Extract the complete data exactly as given.

-- Collected data follows --

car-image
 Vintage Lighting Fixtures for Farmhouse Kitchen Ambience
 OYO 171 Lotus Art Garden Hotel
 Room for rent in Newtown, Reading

-- Collected data concluded --

--- Task output ---
car-image
 Vintage Lighting Fixtures for Farmhouse Kitchen Ambience
 OYO 171 Lotus Art Garden Hotel
 Room for rent in Newtown, Reading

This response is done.